Artificial Intelligence for CRISPR Guide RNA Design: Explainable Models and Off-Target Safety
This addresses the critical challenge of optimizing guide RNA design for CRISPR-based genome editing, which is important for researchers and clinicians, but it is incremental as it reviews existing advances.
The paper reviews how artificial intelligence, particularly deep learning, improves the prediction of CRISPR guide RNA on-target activity and off-target risks, highlighting that AI models can markedly enhance efficiency and safety for genome editing applications.
CRISPR-based genome editing has revolutionized biotechnology, yet optimizing guide RNA (gRNA) design for efficiency and safety remains a critical challenge. Recent advances (2020--2025, updated to reflect current year if needed) demonstrate that artificial intelligence (AI), especially deep learning, can markedly improve the prediction of gRNA on-target activity and identify off-target risks.
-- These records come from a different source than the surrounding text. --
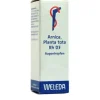 Weleda Arnica Planta Tota RH D 3 Augentropfen, 10 ml> A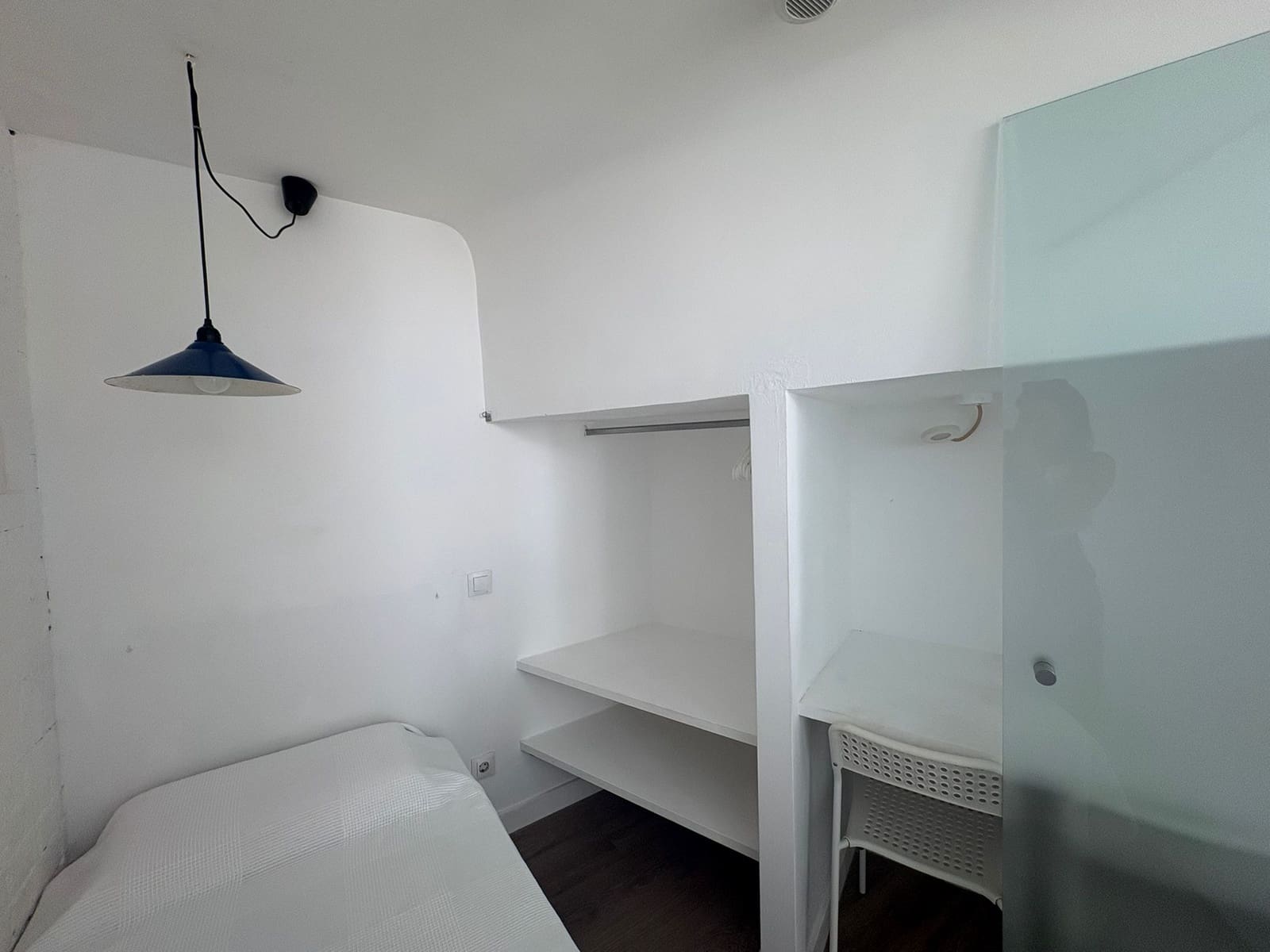 2 makuuhuone Asunto vuokrattavana paikassa Madrid kaupunki - 975 € (Ref: 9859644)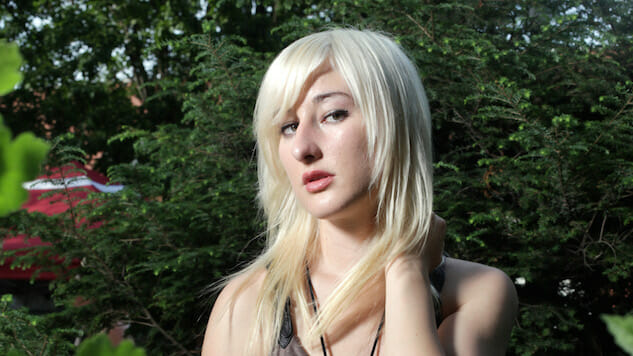 Listen to Zola Jesus Perform “Avalanche” and “Trust Me” on This Day in 2011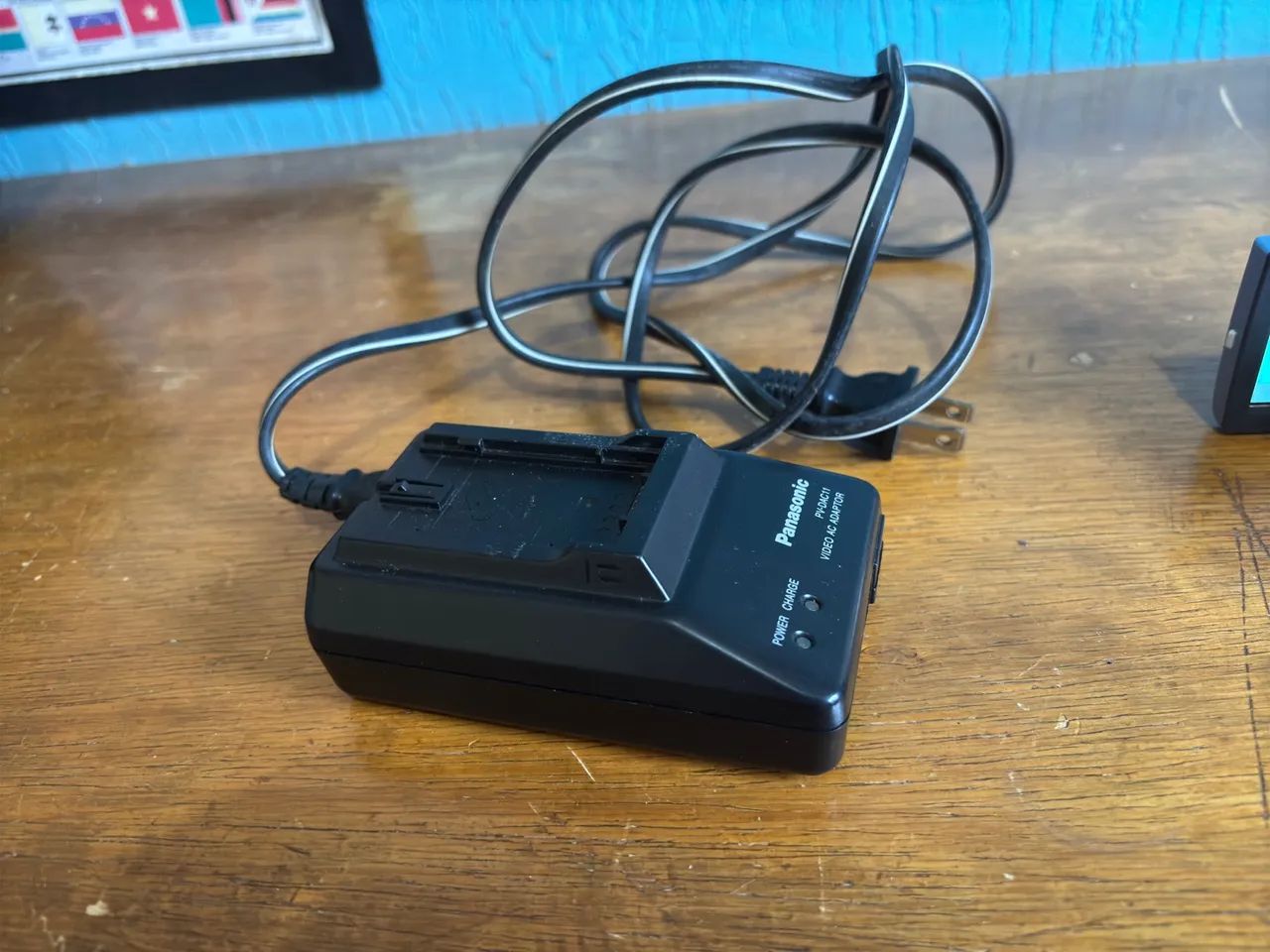 Câmera filmadora Panasonic PV-GS2 - Foto 5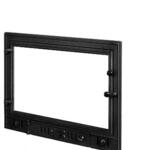 Двері для каміна KAWMET W3 540x700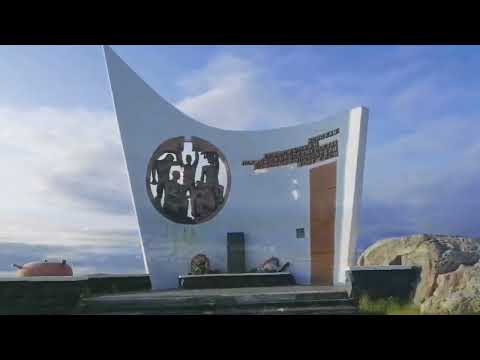 Видео: Город   номерной !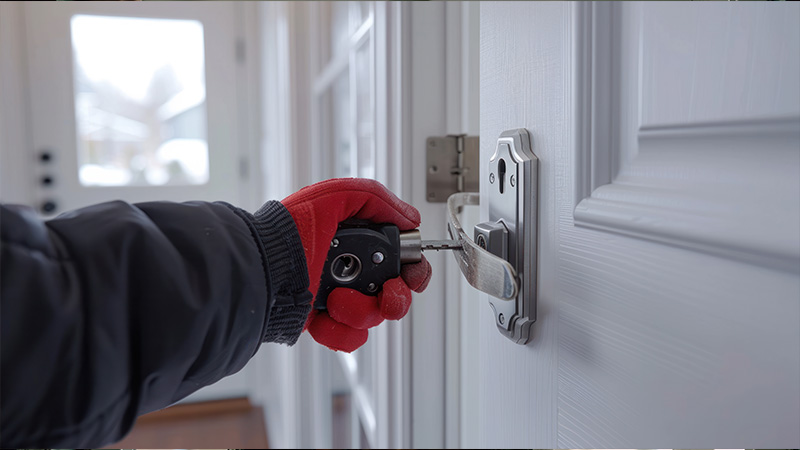 Understanding Exterior Door Installation Costs in Canada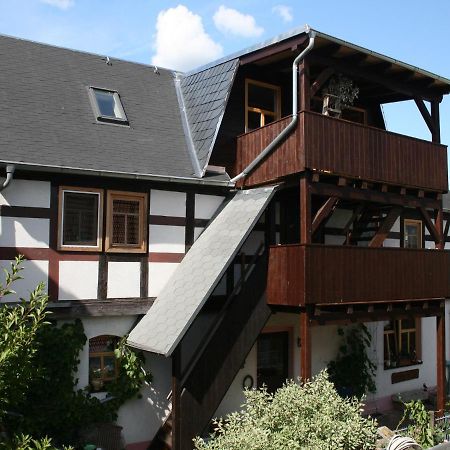 Pferd - Spass - Entspannung Staitz Esterno foto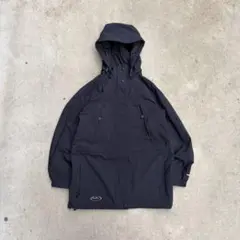 90s 00s EBTEK Eddie Bauer マウンテンパーカー ギミック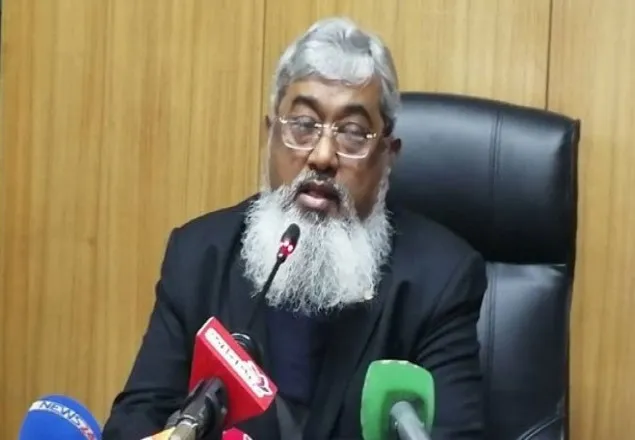 প্রতিদিন আয়নার সামনে দাঁড়ান, নিজেকে প্রশ্ন করুন: মন্ত্রিপরিষদ সচিব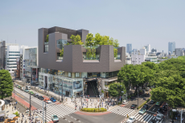 全国の屋外広告・交通広告の販売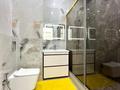 4-бөлмелі пәтер · 120 м² · 5/18 қабат, Санжара Асфендиярова 6, бағасы: 76.5 млн ₸ в Астане, Нура р-н — фото 9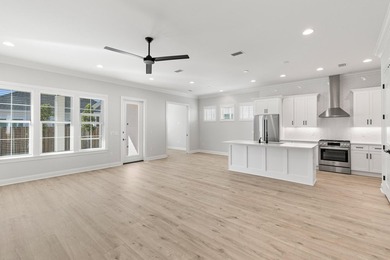 The Alana II is a thoughtfully planned single-level home with 2 - photo 2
In parallel, emerging explainable AI (XAI) techniques are beginning to illuminate the black-box nature of these models, offering insights into sequence features and genomic contexts that drive Cas enzyme performance. Here we review how state-of-the-art machine learning models are enhancing gRNA design for CRISPR systems, highlight strategies for interpreting model predictions, and discuss new developments in off-target prediction and safety assessment. We emphasize breakthroughs from top-tier journals that underscore an interdisciplinary convergence of AI and genome editing to enable more efficient, specific, and clinically viable CRISPR applications.